Email exchanges between CNN and the Haab family purporting to show that a CNN producer scripted a question for a teenage student at a recent town hall event appear to be doctored, based on documents that Mediaite has reviewed from CNN. At least two outlets, Fox News and Huffington Post, reached out to CNN to inquire about a possible story.
“The Stand Up: The Students of Stoneman Douglas Demand Action Town Hall was intended to be a forum for students, parents and teachers to speak directly to the elected leaders and stakeholders that are at the center of this critical issue,” a CNN spokesperson told Mediaite. “It is unfortunate that an effort to discredit CNN and the town hall with doctored emails has taken any attention away from the purpose of the event. However, when presented with doctored email exchanges, we felt the need to set the record straight.”
Over the past couple of days, a controversy has arisen involving a Marjory Stoneman Douglas student and CNN over the network’s town hall event surrounding the Parkland shooting. The student, 17-year-old Colton Haab, alleged after the forum aired that CNN had censored him and instead tried to give him “scripted” questions to read.
Following Haab’s accusation, CNN vehemently denied they provided or scripted questions to Haab or anyone else. Below is their initial statement:
There is absolutely no truth to this. CNN did not provide or script questions for anyone in last night’s town hall, nor have we ever. After seeing an interview with Colton Haab, we invited him to participate in our town hall along with other students and administrators from Marjory Stoneman Douglas High School. Colton’s father withdrew his name from participation before the forum began, which we regretted but respected. We welcome Colton to join us on CNN today to discuss his views on school safety.
Following the release of CNN’s statement, Haab appeared on Fox News’ Tucker Carlson Tonight to detail his exchange with CNN producer Carrie Stevenson regarding his participation at the town hall. In his conversation with Tucker Carlson, Haab stated that Stevenson wrote his question and CNN put their own words in it.
The student went on to explain the back and forth with he had with a CNN producer, who rejected a long speech he had written for the town hall. Haab said he subsequently sent a set of questions in, including one on arming teachers — which he claimed the producer “wrote that question out for me.”
Carlson reacted with shock, asking “they put their own words into your question?”
When Haab confirmed, Carlson pressed “but that seems dishonest?” Haab agreed, and said that was one of the reasons he decided not to attend the town hall — adding that he thought CNN had also written questions for the other students.
“It was very upsetting to me,” Haab said.
Following Haab’s appearance on Fox News, Mediaite obtained copies of the original email exchange between Colton Haab, Colton’s father Glenn, and Stevenson. The first one, dated Feb. 21 and sent at 12:10 AM, shows Colton submitting a number of questions he’d like to ask at the event:
This is followed by an email to Glenn from Stevenson, sent later that day at 5:46 PM, referencing that she had previously spoken on the phone with Colton and she was asking that he stick to just the one question “that he submitted,” which was then written in full:
Glenn replied shortly after, in an email sent at 5:53 PM, telling Stevenson they “are not actors nor do we read from a script,” adding that he knows Stevenson only wants Colton to “read this one short question” but that they “are not the right people for your town hall meeting.”

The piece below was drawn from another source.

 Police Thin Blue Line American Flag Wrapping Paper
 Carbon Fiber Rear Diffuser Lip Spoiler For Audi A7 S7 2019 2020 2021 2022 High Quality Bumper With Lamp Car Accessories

Comparatively, the emails provided to Huffington Post and Fox News show one very big difference. In the email purportedly from Stevenson provided by the Haab family, the second paragraph is changed from the original email provided to Mediaite. The email provided to the Huffington Post reads: “This is what Colton and I discussed on the phone. He needs to stick to this.”
Below is a copy of the doctored email that was sent to the Huffington Post:
An additional email exchange provided by Fox News to CNN and inquiring for comment shows the same language.
The change leaves out the important context from the original email, which included “that he submitted,” making clear that the question came from Colton.
According to a CNN source, after Colton sent over his list of questions he wanted to ask at the town hall, Stevenson spoke on the phone with the student to decide on which question he’d use. The framing language for the question that was emailed over later came verbatim from a Fox & Friends interview Colton had done that helped draw CNN’s attention to him.
Prior to Stevenson sending Colton’s father the email asking that Colton “stick” to the question that he submitted, the source noted that Glenn had been in touch with Stevenson telling her that Colton would like to be given an opportunity to say more. At one point, Glenn emailed over a multi-page speech that was laced with questions and comments that Colton would prefer to read instead, thus prompting Stevenson’s email requesting Colton stay with the one question.